For the next 10 days, except for rumors and the occasional
detour around military roadblocks, we traveled through the country as though
nothing was happening. But the soldiers, lounging around outside monasteries
and never far from their AK 47s, were a reminder of the deep-seated unrest that
is bottled up in Burmese society. We never felt in any personal danger but I
was warned to keep my camera out of sight. According to the rumour mill both
cameras and laptops were being confiscated to keep embarrassing images out of
the media.
The ruling junta controls and pockets the revenue from almost
all of the country’s rich natural resources and major businesses while the
people subsist on the edge of poverty and the country’s infrastructure crumbles
into disrepair. “My village used to have electricity,” a manager of one of the
hotels told us, “but it failed many years ago and now it is dark. The
government doesn’t care.” He commutes to work in the back of a pickup truck,
which serves as the village bus and takes two hours to negotiate the rough
roads. He earns $50 a month, has two children, and is saving his money to buy a
flashlight.
We spent a bone-jarring day driving a portion of Highway 4, one
of the main trade routes to China. Years of neglect have reduced the pavement
to a narrow strip flanked by crumbling shoulders. A rusted out backhoe sat
overgrown with vines near a group of men using crowbars to break up boulders.
They dropped the pieces into a tiny rock crusher, and women, using bamboo
baskets on their heads, carried the crushed rock to potholes in the road
— futile, backbreaking, government-funded labour.

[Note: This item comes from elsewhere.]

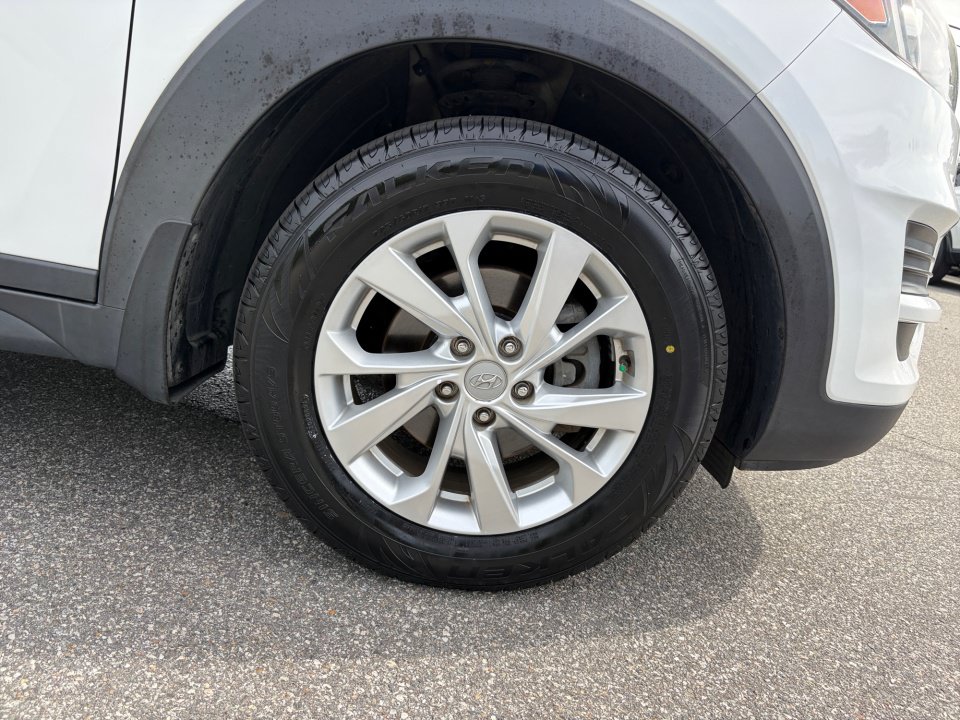 Used 2020 Hyundai Tucson Value FWD image 29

When we returned to Yangon at the end of our tour the city was
ominously quiet. Anticipating further protests we had cancelled our downtown
reservations and booked into the airport hotel. It was virtually empty. In
downtown Yangon the Shwedagon Pagoda, Myanmar’s most sacred shrine, was
cordoned off with barbed wire and soldiers. We made our way through the market
and up to the Sky Lounge on the 20
th
floor of the Sakura Tower for
an overview of the city. Every window was posted: “WARNING – photos not
allowed.”
There were 35 people on our Thai Air 737 (it seats 180) when we
left Yangon for Hanoi, and the departure lounge was empty. Those who were able
had already left the country. We didn’t know the full extent of the Myanmar
protest and its subsequent crushing until we got to Vietnam and had access to
the uncensored media. By then the generals were fully back in control. Hundreds
of monks, their alms bowls no match for the army’s assault rifles, were
detained and gatherings of more than five people were banned. Once again the
ruling generals proved they would stop at nothing to retain their grip on
power. And in a society where poverty and despair are trumped by fear the will
to resist is lost.
A month later, when we arrived back in Canada, the “saffron revolution” and its violent overthrow were old news — not even a mention on the back pages. Once the violence stopped so did the media coverage, and as it did in 1988 the world turned the other way.